Why are all these transformations necessary? The moment we express them as element-wise products, we can almost effortlessly extend this formula to a matrix of activations:

\[ \boldsymbol{Z_L^{(g)}} = \left(\boldsymbol{A_L} \odot \boldsymbol{A_L^{(g)}} \right) - \left( \boldsymbol{A_L} \odot \boldsymbol{A_L^{(g)}} \boldsymbol{1}_{k \times k} \right) \odot \boldsymbol{A_L}\\ \]

That again looks complicated. But if we stare at it for a while, the RHS is actually remarkably simple:

• The first term is is simply the element-wise multiplication of the activation matrix and its corresponding gradient. Call this some matrix \(\boldsymbol{B}\).
• The second term is just the row-wise sum of \(\boldsymbol{B}\) followed by an element-wise multiplication with the activation-matrix.

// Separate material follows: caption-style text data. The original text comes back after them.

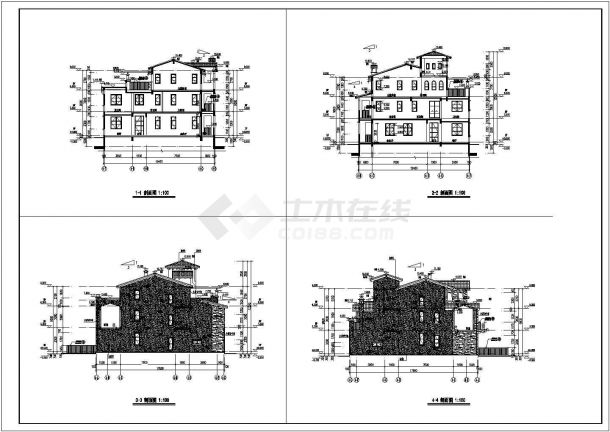 龙湖某地三层砖混结构别墅建筑设计施工图纸-图一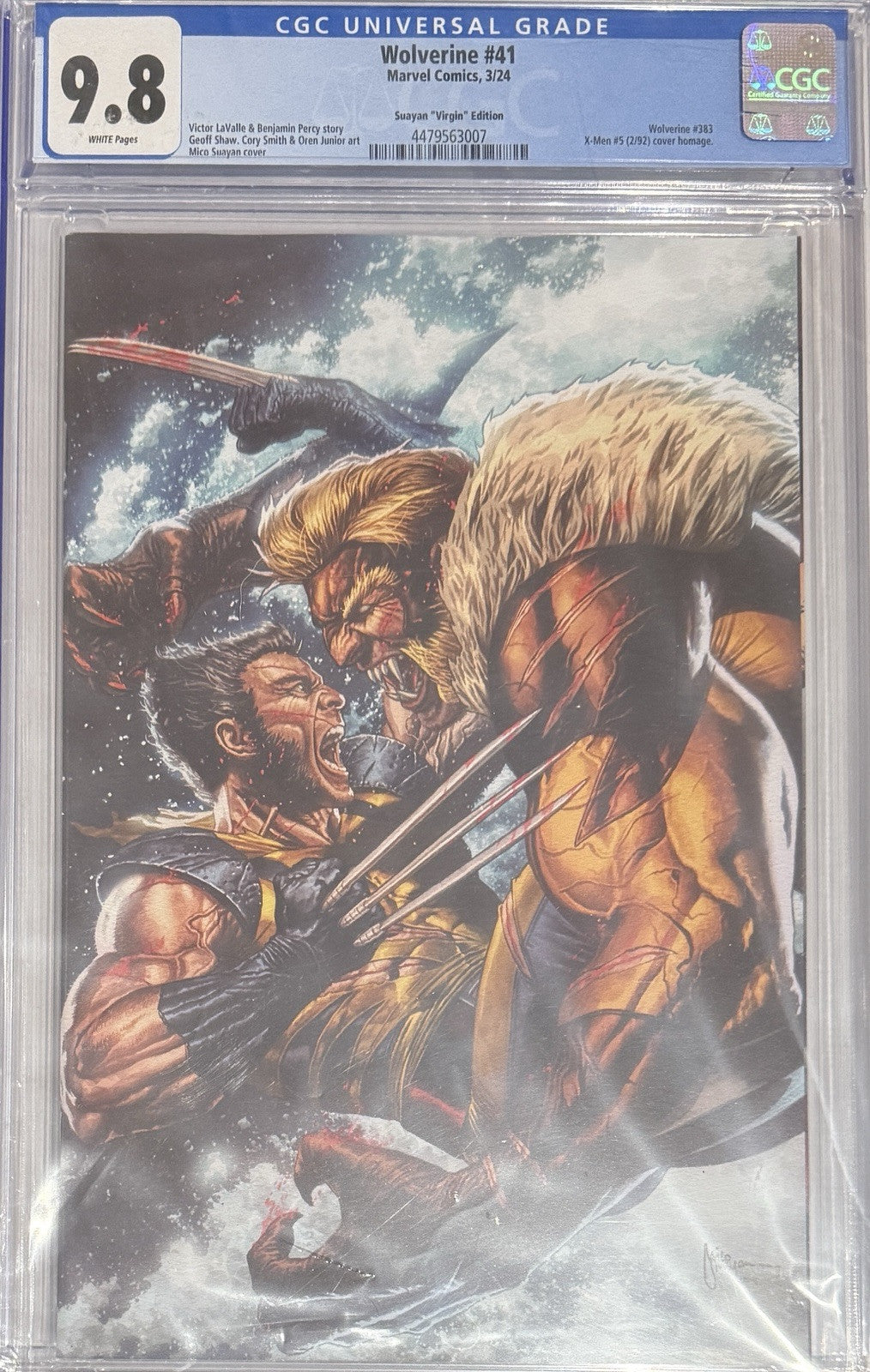Wolverine #41 CGC 9.8 Suayan "Virgin" Edition X-Men #5 Cover Homage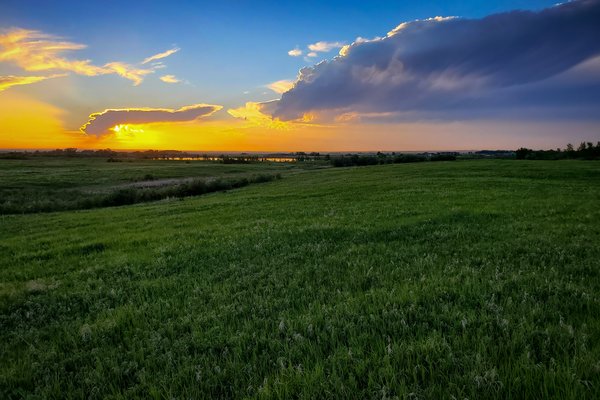 Prairie Sunset Northwest of Strathmore, Alberta, June 14, 2021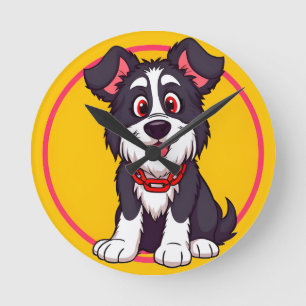 Relógio Redondo Cachorro de Desenho Animado Adorável Sorriso Alegr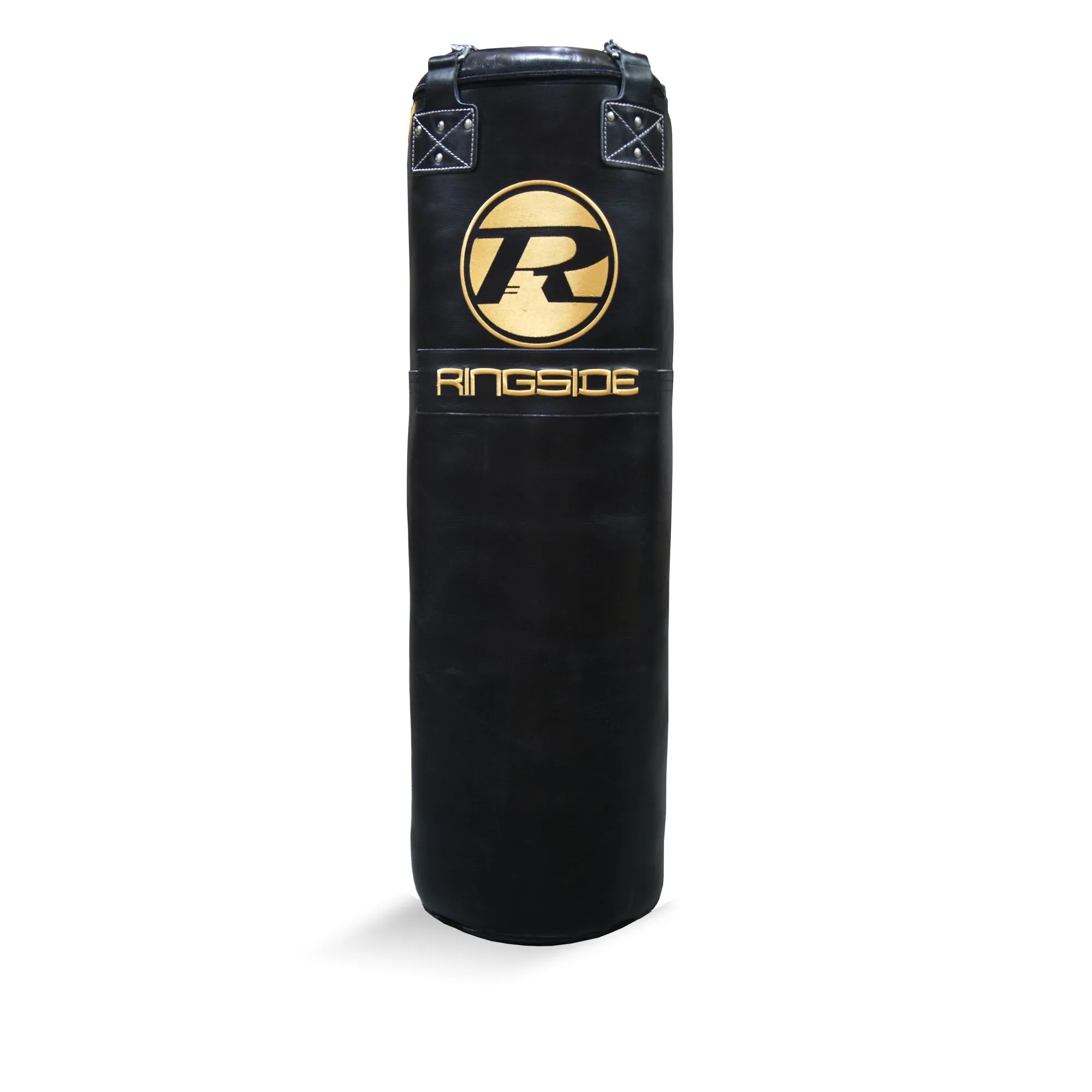 4FT Buffalo Leather Punch Bag - Black / Gold
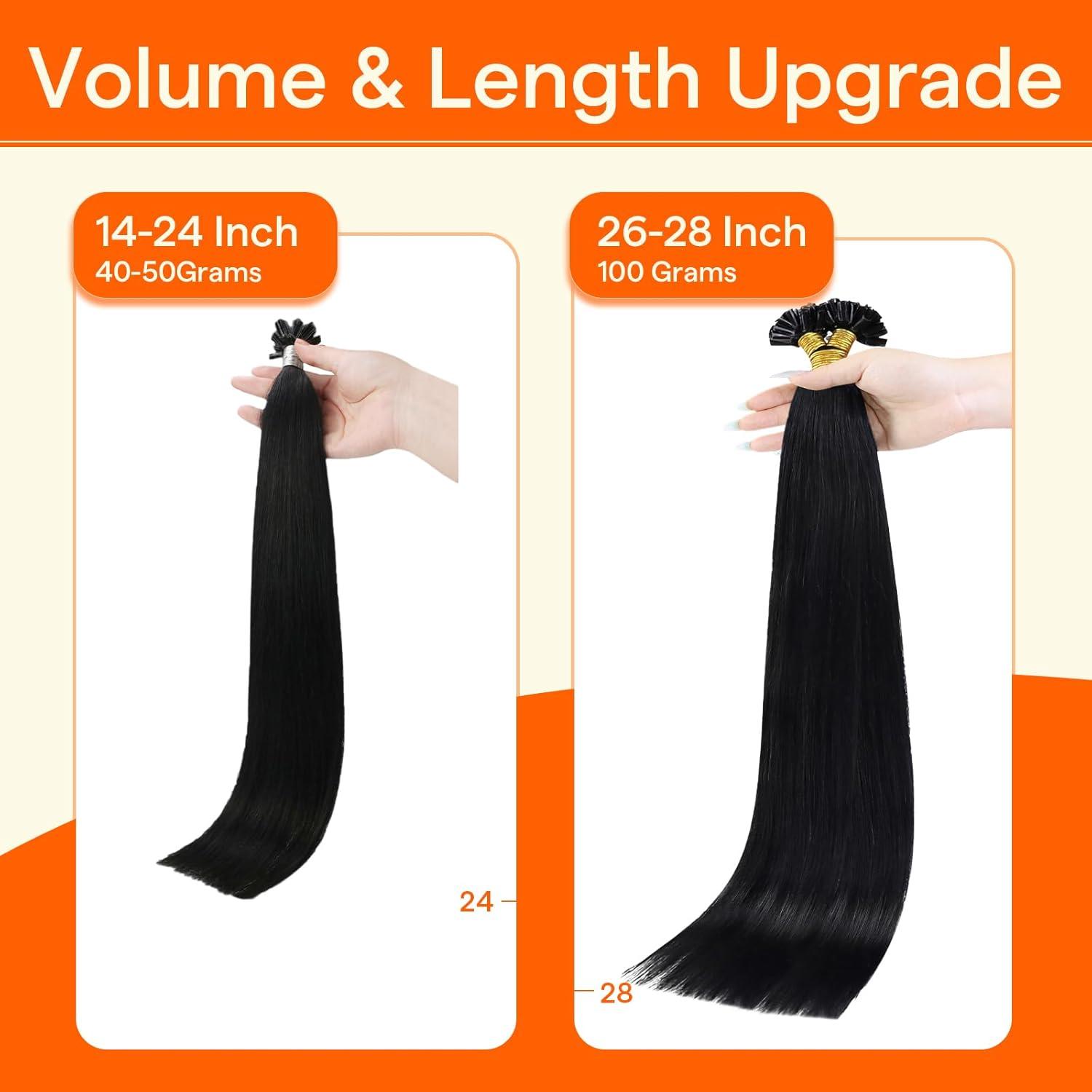 imageFull Shine U Tip Hair Extensions Human Hair 22 Inch Jet Black 50 Grams Keratin Hair Extensions Real Human Hair for Women Fusion Extensions Long Straight Hair add Length1Utip 1B natural black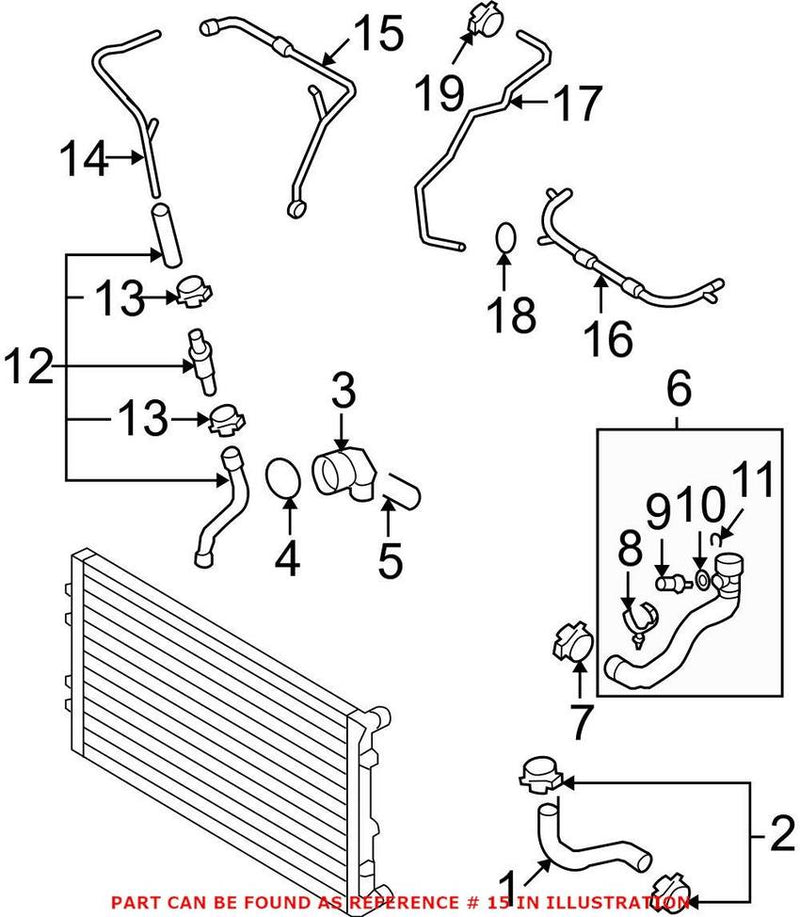 Genuine VW/Audi Water Hose 06F121492L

These expressions are powerful because we can directly translate them into NumPy. For example, the NumPy equivalent of this equation would be:

B = A_L * A_L_g
Z_l_g = B - np.sum(B, axis = 1) * A_l

The good news is that the expression for \(\boldsymbol{Z_L^{(g)}}\) In the case of softmax with categorical cross-entropy loss can be further simplified. Recall the following results:

\[ \begin{aligned} \boldsymbol{A_L} &= \boldsymbol{\hat{Y}}\\ \boldsymbol{A_L^{(g)}} &= - \boldsymbol{Y} \odot \boldsymbol{\hat{Y}}^{\odot -1} \end{aligned} \]

The element-wise product of these two matrices is simply the matrix \(-\boldsymbol{Y}\)! With that, the expression for \(\boldsymbol{Z_L^{(g)}}\) becomes:

\[ \boldsymbol{Z_L^{(g)}} = \boldsymbol{\hat{Y}} - \boldsymbol{Y} \]

All this computation seems justified given the elementary nature of the result.